A permutation of all vertices must be chosen. During the i-th step, a piece of cheese appears at vertex p[i]. If the mouse is already there, it stays. Otherwise, it moves exactly one edge along the unique simple path toward that vertex.

The permutation determines a sequence of attractions. We must order all vertices exactly once so that after processing the entire permutation, the mouse ends up at vertex en.

The task is not to simulate a fixed process. We are free to choose the permutation itself.

The tree contains up to 10^5 vertices across all test cases. Since the total number of vertices is bounded by 10^5, an O(n log n) or O(n) solution per test case is easily fast enough. Anything involving testing many permutations is impossible. Even checking all permutations of a tree with only 15 vertices would already require more than a trillion possibilities.

The most dangerous part of the problem is that the mouse only moves one edge per step. A naive strategy might try to make the mouse follow a complete path toward en, but later cheese placements can pull it away again.

Consider a simple chain:

1 - 2 - 3
st = 2
en = 2

If we choose permutation [1,2,3], the mouse moves

2 -> 1 -> 2 -> 3

and ends at 3, not at 2.

Another subtle case is when the mouse passes through en before the last step.

1 - 2 - 3 - 4
st = 1
en = 4

The permutation [4,1,2,3] makes the mouse reach 4 immediately, but later attractions pull it away. Reaching en early is not enough.
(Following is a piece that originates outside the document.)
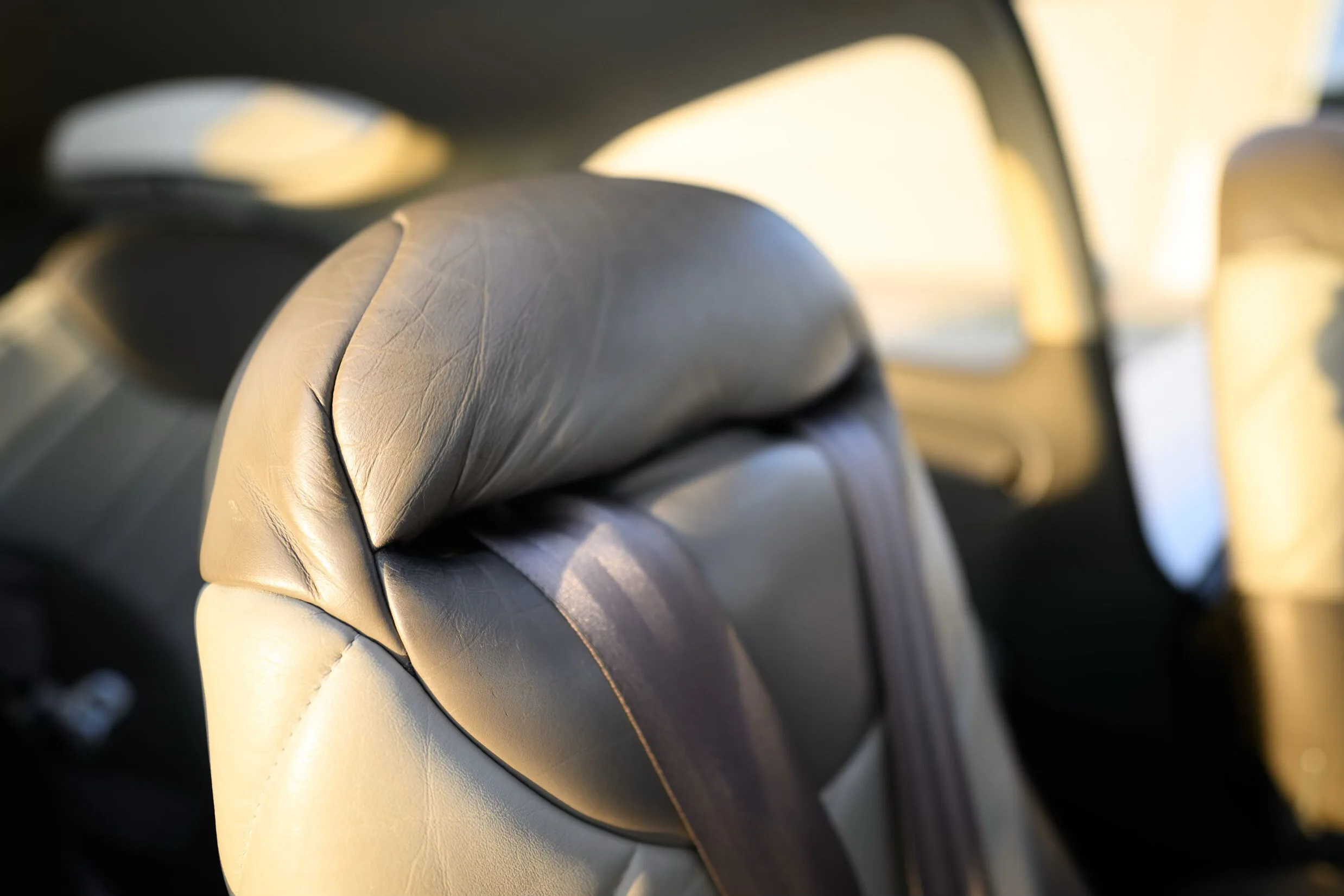 Cabin interior of a 2002 Cirrus SR20 G1.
Only the final position matters.

A correct solution must guarantee the final position regardless of where the mouse currently is when the last vertices are processed.

Approaches

A brute-force solution would generate every permutation of the vertices and simulate the mouse. For a permutation of length n, simulation takes O(n) steps. There are n! permutations, so the total complexity is O(n·n!).
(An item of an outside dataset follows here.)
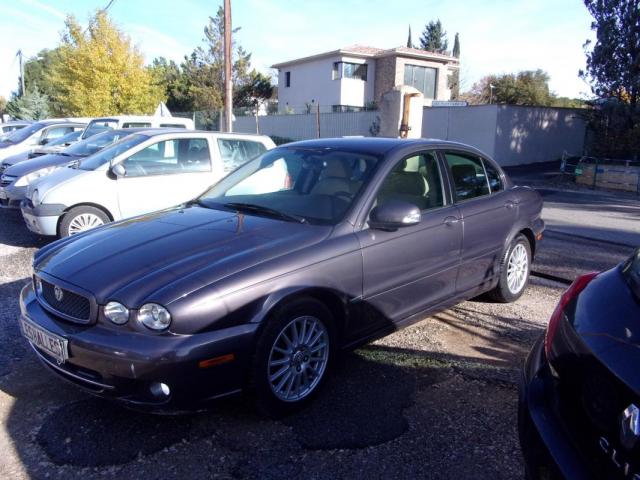 Jaguar X-Type image 1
Even for n = 15, this is completely infeasible.

The key observation comes from looking at the tree relative to the trap vertex en.
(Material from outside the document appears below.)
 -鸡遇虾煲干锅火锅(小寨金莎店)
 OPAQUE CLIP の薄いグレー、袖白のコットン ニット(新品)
Root the tree at en. Every vertex now has a depth equal to its distance from en.

Suppose we process vertices in decreasing depth order. Intuitively, we show the cheese first in the deepest parts of the tree and only later near the root.

Why is this useful?

Take any step where the cheese appears at some vertex v. If the mouse is not already there, it moves one edge toward v.

When vertices are processed from larger depth to smaller depth, every unprocessed vertex lies at depth no greater than the current one. In a rooted tree, moving toward a deeper vertex cannot move the mouse farther away from the set of already processed deeper vertices. The process gradually collapses toward the root.

The crucial fact is that the very last vertex in this ordering is en itself, because it is the unique vertex with depth 0.

By the time we process the final vertex, the mouse is always located somewhere in the tree. The cheese appears at en, and the mouse moves one step toward en. The structure of the ordering guarantees that after all previous vertices have been consumed, the mouse's position coincides with the remaining active subtree containing en, forcing the final position to be en.

A more formal way to view it is through a potential function. Let d(v) denote depth from en. Processing vertices in decreasing depth ensures that after handling all vertices of depth greater than k, the mouse must lie inside the subtree induced by vertices of depth at most k. This invariant shrinks until only en remains.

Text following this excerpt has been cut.